So, to all those folks who say "why would I want to know about shooting with a [brand x]", you might be surprised.

Thanks for the excellent site, by the way. Hope you can keep doing what you're doing.

No harm no foul Mike, I love my micro 4/3 mirrorless. I love my Canon 5D III. I love my Nikon FM2s sitting in a box in the basement !! But: I never use the latter; I mostly use the mirrorless (several times a week); When I want the best possible file to work from, I tote the Canon (several times a month). But every day, often more than once a day, I click on TOP. In fact I use my iPhone to check for TOP postings more often than I use it to take photos !!

For me it has always been 90% head work and 10% camera. Any camera will do when all I have is one. Thank goodness for the one though.

I have a lot of cameras, but my current favorite is a champagne Nikon F3T (snob factor regarding the champagne and T, but the memories unfold!) and a Lensbaby. The Phase One is collecting dust and I just let my students take my Fuji x100t for a spin. Love to share the excitement of discovery with gear. One student said he prefers his T5 because the Fuji did not capture the egret in the canal close enough. And so it goes ...

If it'll make you feel any better, I hang around TOP quite alot, and I
1. Wouldn't touch a micro 4/3 camera with a ten feet long pole. I mean, come on, the sensors on these are just ridiculously tiny. Not serious at all.
2. Would't touch a digital Fuji camera with the aforementioned staff. Because they killed the last type 100 instant filmpack on the planet. And I took it very personally.

It really DOES NOT matter.

For anyone who cares, I started out with Nikons and used them professionally for more than 17 years. I then switched to Canons and I still own a lot of Canon equipment although it doesn't get much use these days. Twice I've used Leicas for several years each time, both professionally and personally. I've used Olympus equipment for a few years, however, I mostly favored the standard 4/3 E system over micro 4/3. Within the past 12 months I've pretty much switched 100% to Fuji equipment except for the times I use a Ricoh GRII. At the time I was using it, I considered each brand to be the best for my purposes. At no time did I feel any of these cameras was so much better than the other brands that I needed to reshoot my older photos.

Even a Leica R8?

[All right, I did once refer to the R8 as "The Hunchback of Solms." But if YOU like it, I'm still fine with that. :-) --Mike]

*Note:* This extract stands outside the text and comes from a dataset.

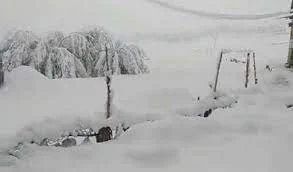 Temperature below zero in most parts of Kashmir Valley, mercury at minus 3 degrees in Pahalgam  It was minus 1.2 degrees Celsius in Qazigund in south Kashmir and 0.6 degrees Celsius in Kokernag. After two days of respite from the cold in Kashmir, the night temperature once again remained below freezing point at most places. Meteorological Department officials said that only in Kokernag in South Kashmir, the temperature remained above the freezing point. He said that the temperature in Srinagar on Thursday night was minus 1.3 degrees Celsius, while there it was 0.4 degrees Celsius on Tuesday night. Officials said the temperature in Pahalgam was minus 3.3 degrees Celsius, the coldest region in Kashmir. Gulmarg Resort in north Kashmir's Baramulla recorded a low of minus 1.8 degrees Celsius. Kupwara in north Kashmir recorded a low of minus 1.9 degrees Celsius.  It was minus 1.2 degrees Celsius in Qazigund in south Kashmir and 0.6 degrees Celsius in Kokernag. The Meteorological Department has predicted dry weather till the end of this month. It is worth noting that the 40-day "Chillai Kalan" phase in Kashmir will start from December 21. During this, the region experiences severe cold.  'SKM's banner is for farmers' rights, there will be no politics in its name'  Talking to NDTV, Yogendra Yadav said that we urge the PM to give us what we are asking for. Yadav made it clear that the demand of farmers of MSP is not new. It is not that we have made this new demand. In the memorandum that we submitted to the government in October, there was talk of MSP also. Yogendra Yadav, a member of the United Kisan Morcha and a farmer leader, has said that the government has agreed to repeal all three agricultural laws, but the farmers should also be satisfied with the minimum support price (MSP) guarantee. Talking to NDTV, Yogendra Yadav said that we urge the PM to give us what we are asking for. Yadav made it clear that the demand of farmers of MSP is not new. It is not that we have made this new demand. In the memorandum that we submitted to the government in October, there was talk of MSP also. Even during 11 rounds of talks with the government, we had raised the demand for MSP.  Yogendra Yadav said, 'A year ago, when we had chosen Constitution Day, the idea was that they would fight to get the constitutional rights of the farmer. Today, exactly one year later, on the same Constitution Day, we are in the fray to get the constitutional rights of the farmer. Never in the last 70 years has there been such a big struggle to get the rights of the farmer. The country would never have seen the resolve to sit in summer and winter. To get this done by a government which is not ready to go on the back foot, would never have achieved such success. Today is a day to celebrate victory. At the same time, it is also the day to show the spirit of the war ahead, that's why I am sitting in Ghazipur. I am too. Neither elections will be fought in the name of United Kisan Front nor will there be any political activity. We decided only in Bengal elections that we will defeat BJP. At the same time, someone contested the election in the name of United Kisan Morcha. Yadav said that after 70 years the farmer has got a national platform, using it in elections would be a very small use. Farmers should become the pivot of this country's politics, this should be its aim. In the policy of Raj, if there is politics to raise the wall, then the farmer must do politics, but the platform of electoral politics should not be United Kisan Morcha and I hope that it will not be made. If you form your own party, contest elections, then there is no problem. If there is politics to raise the wall, then the farmer must do politics, but the platform of electoral politics should not be United Kisan Morcha and I hope that it will not be made. If you form your own party, contest elections, then there is no problem. If there is politics to raise the wall, then the farmer must do politics, but the platform of electoral politics should not be United Kisan Morcha and I hope that it will not be made. If you form your own party, contest elections, then there is no problem.  Stray dogs are about 7 times more than cats in India, many shocking information in the report  The data from The State of Pet Homelessness Index Data for India also revealed a growing population of stray animals, which is at the bottom of the country's 'All Pets Wanted' score. Overall, India scored 2.4 points on a 10-point scale.  There are about 62 million stray dogs and 91 lakh stray cats in India and 77 percent of the country's population says they see a stray dog ​​at least once a week. This has come to the fore in a new report. The data from 'The State of Pet Homelessness Index Data for India' also revealed a growing population of stray animals, which is at the bottom of the country's 'All Pets Wanted' score. Overall, India scored 2.4 points on a 10-point scale. The report said that about 68 percent (about 7 out of 10) of the population say they see a stray cat at least once a week, while about 77 percent (8 in 10) say that once a week At least once they see a stray dog.  According to the new index, there are about eight crore stray cats and dogs in the country, which includes 6.2 crore stray dogs and 91 lakh stray cats. Also, there are 88 lakh stray dogs and cats in the shelter home. The index also states that 85 percent of domestic animals in India are abandoned. In India, 61 percent of the general population say that they do not go to the vet for practical reasons such as distance, reputation or facilities. This is much higher than the global average of 31 per cent and moves down the 'All Pets Care For' score according to the index. Gauri Mulekhi of People for Animals (PFA), a non-governmental organization advocating animal rights in India, said that there are at least three stray dogs for every 100 people in India and expressed concern over the increase in abandoned animals. Of. According to the report, there are an estimated 75 million homeless dogs and cats in China, 48 million in the US, 20.6 million in Germany, 2 million in Greece, 7.4 million in Mexico, 4.1 million in Russia and South Africa and 1.1 million in Britain.  Union Minister Narayan Rane claims, 'Government will fall in Maharashtra by March, BJP government will be formed'  Maharashtra's prominent BJP leader and Union Minister Narayan Rane has said that by March, the current government will be brought down in Maharashtra and the BJP government will be formed.  Maharashtra: The bitterness between the Shiv Sena-led Maha Vikas Aghadi government in Maharashtra and the main opposition BJP is not decreasing. Maharashtra's prominent BJP leader and Union Minister Narayan Rane has said that by March, the current government will be brought down in Maharashtra and the BJP government will be formed. It is worth noting that the BJP's relations with Shiv Sena, which was once a special ally of NDA, are getting strained and Narayan Rane's current statement can further aggravate the matter. Later, he had joined the Congress party and left the Congress and joined the BJP.  Meanwhile, political developments have intensified in Delhi regarding Maharashtra. Maharashtra BJP President Chandrakant Patil met Union Home Minister and former BJP chief Amit Shah in Delhi yesterday. Former CM of the state Devendra Fadnavis also met Amit Shah, later Fadnavis and Chandrakant Patil also met BL Santosh. Nationalist Congress Party (NCP) chief Sharad Pawar and another party leader Praful Patel are also currently in Delhi to attend the parliamentary committees meeting.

I just think a lot of people use M43rds cameras. More than the sales numbers imply. I look for used lenses on ebay every once and a while and I always see a huge number available for 43rds. Not so much for fuji.
I still shoot:
Kodak slr/n
Sigma sd14
Pentacon 6 6x6 film
And 43rds cameras, E3 and now GM5.

Oddly though for 43rds Olympus did an excellent job with cameras and lenses.
Now in M43rds, I think Panasonic lenses and cameras are better than the Olympus offerings.
My 43rds lenses actually focus not too bad on the GM5.

Some people will take umbrage simply because you don't specifically praise the camera they use. In which case, you will never please them.

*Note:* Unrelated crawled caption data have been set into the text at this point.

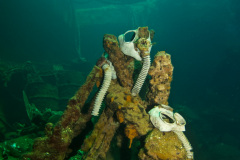Gas mask & machine gun Display on the Fujikawa Maru wreck.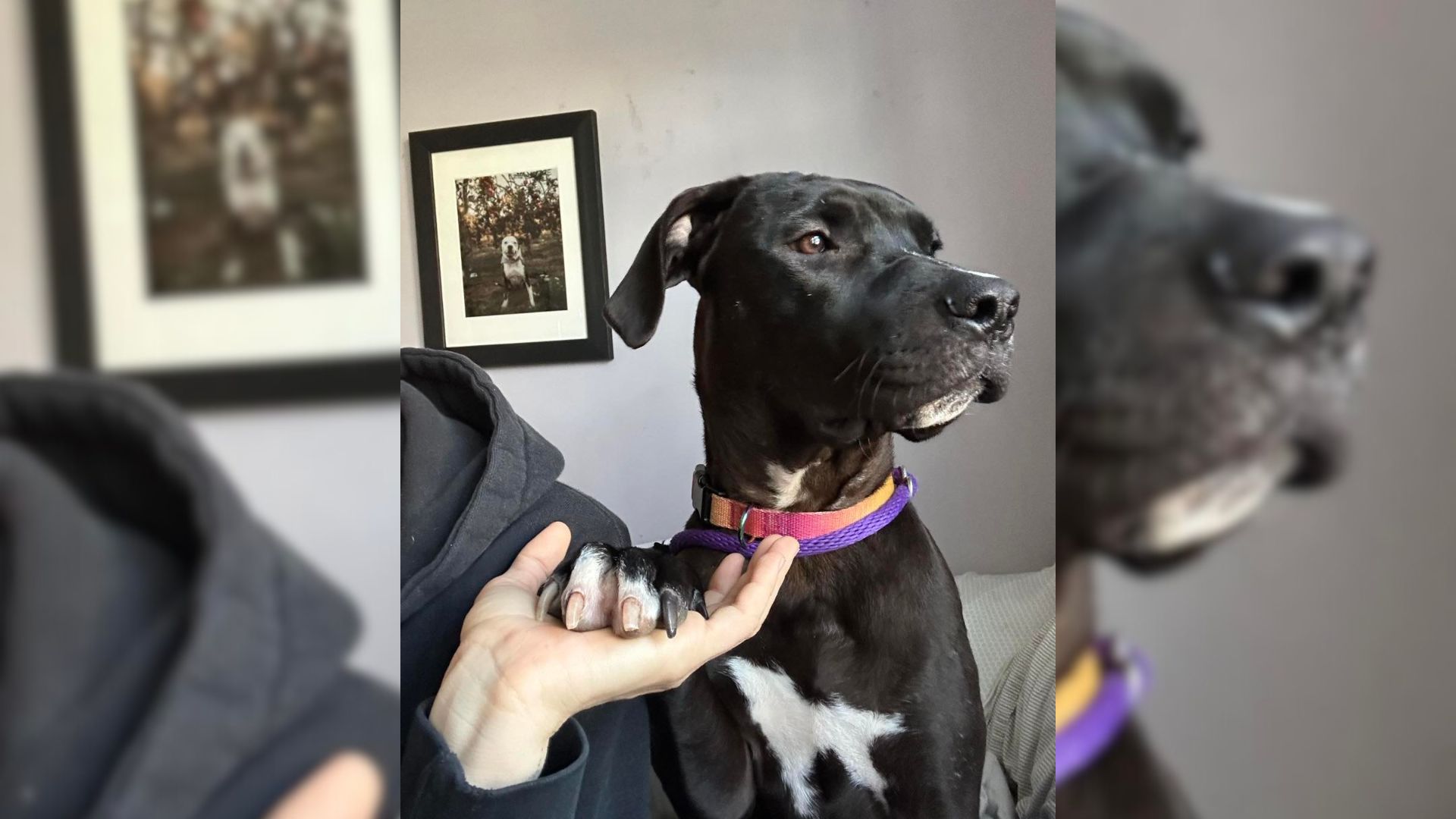 Foster Mom Couldn’t Believe What Her New Dog’s Unusual Habit Was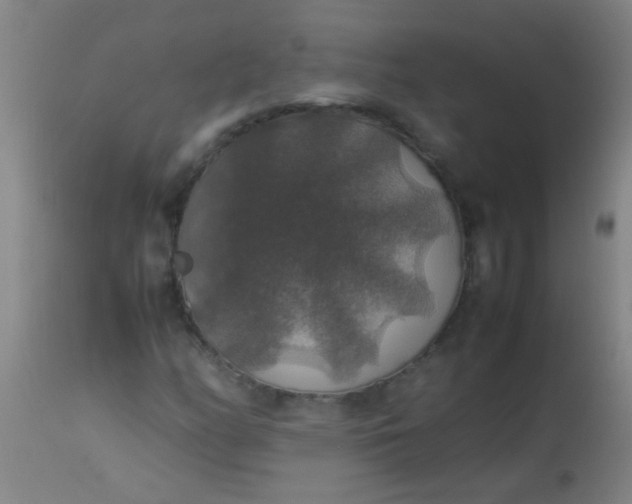 X0000114171158200910221644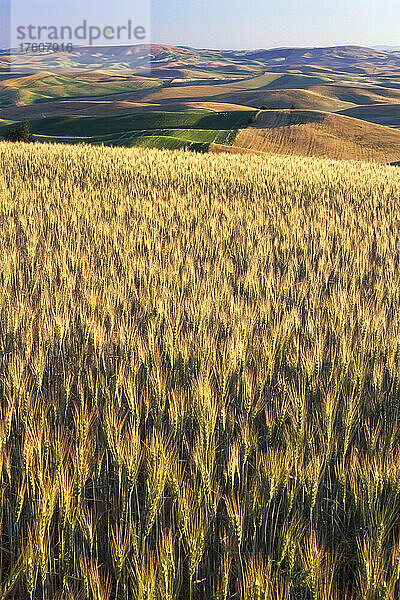 Weizenfeld im Vordergrund mit Ackerland in der weiten hügeligen Landschaft in der Ferne; Palouse  Washington  Vereinigte Staaten von Amerika
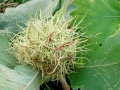 Andricus caputmedusae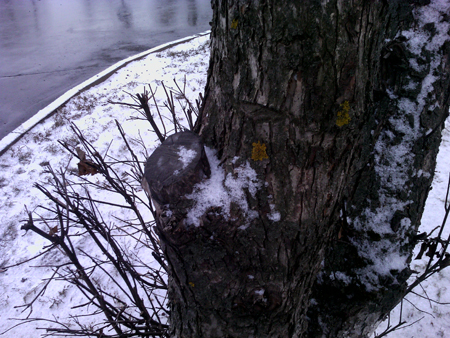 450x338  230 KB. Big one: 2560x1920  1406 KB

This site has mostly been about photography, not gear, which is why I read it.

I think that MFT and Fuji have hit the mark with a particular demographic that largely represents TOP readers, which is that of mature enthusiasts. In other words, it doesn't surprise me that many of your members arrived at the same place you did.

Mike, reading your opening comment in the post reminds me that this is Photo Friday (????). That's a group I started a few years ago of like minded photographers tired of the "club think scene" where the kind of gear think you allude to is far from uncommon. We meet the last Friday of the month to share our prints, hang out, talk "photography" and share each others company. There's no moderator (just adults). You put your prints up, say what you want to about them and everyone can get up close and personal with them and offer their comments and critiques. We don't always agree, but when we do we do so RESPECTFULLY and COLLEGIALLY. Though I may not comment all that frequently, I keep coming back because TOP is like a daily Photo Friday - Respectful and Collegial. Thank You Mike.

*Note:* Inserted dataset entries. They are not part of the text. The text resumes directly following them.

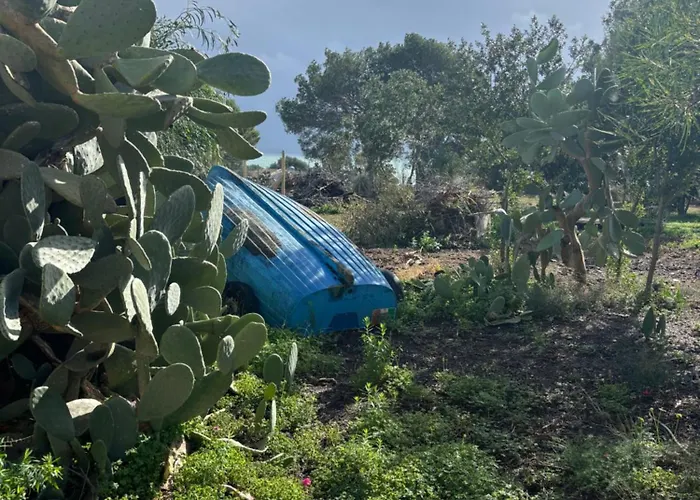 Ificumori, Campagna Ammare *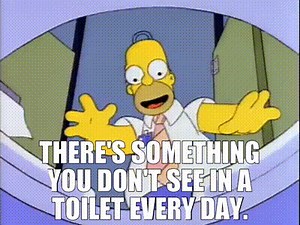 There's something you don't see in a toilet every day.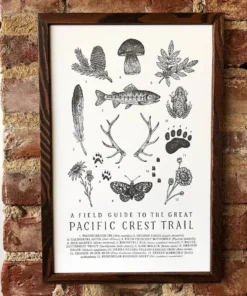 The Wild Wanderer Pacific Crest Trail Letterpress Art Print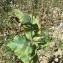  Michel Gaubert - Papaver somniferum subsp. somniferum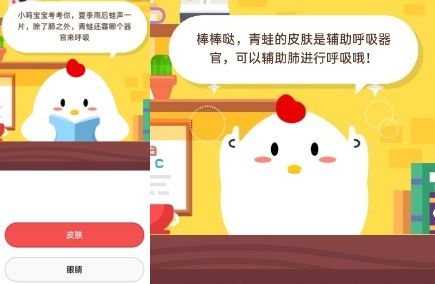 除了肺之外,青蛙還靠哪個器官來呼吸? 除了肺之外,青蛙還靠哪個器官來呼吸?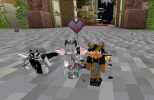 gomme c.png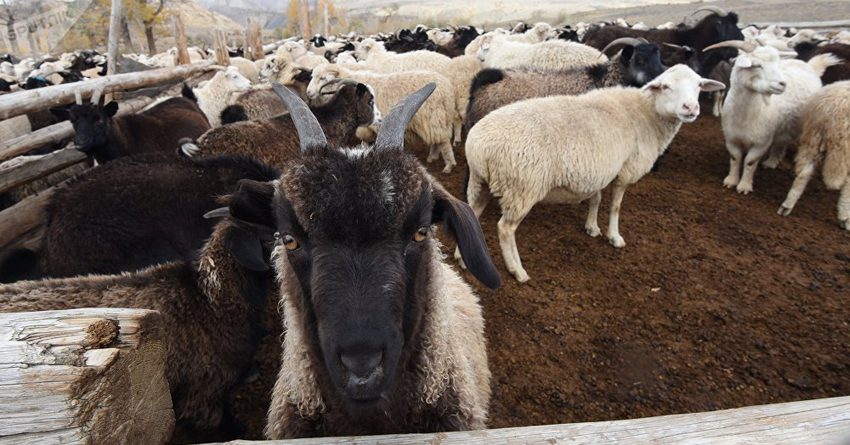 Садыр Жапаров указом запретил кыргызстанцам забивать скот на похоронах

[No, thank YOU, John...I should learn to put up posts like today's more often. The comments I get make me feel good! --Mike]

I like Steve Jacobs comment about "mature enthusiasts." As I "mature" I look back at my life in photography and am amazed at how hard it was to make a technically superb image in the day, regardless of camera, size or brand, and how easy it is now. Some might argue that that has cheapened things but the more people exercise their photographic muscles, be it with an iPhone, or an 11x14 view camera, the more they and all of us benefit. I also like Darlene's comment about 90% head work, 10% camera. Like many, perhaps even most, my cameras have always been better than me. Keep up the good work, it's a pleasure to read TOP. All that having been said, insult my Fuji and you're going to get it :-)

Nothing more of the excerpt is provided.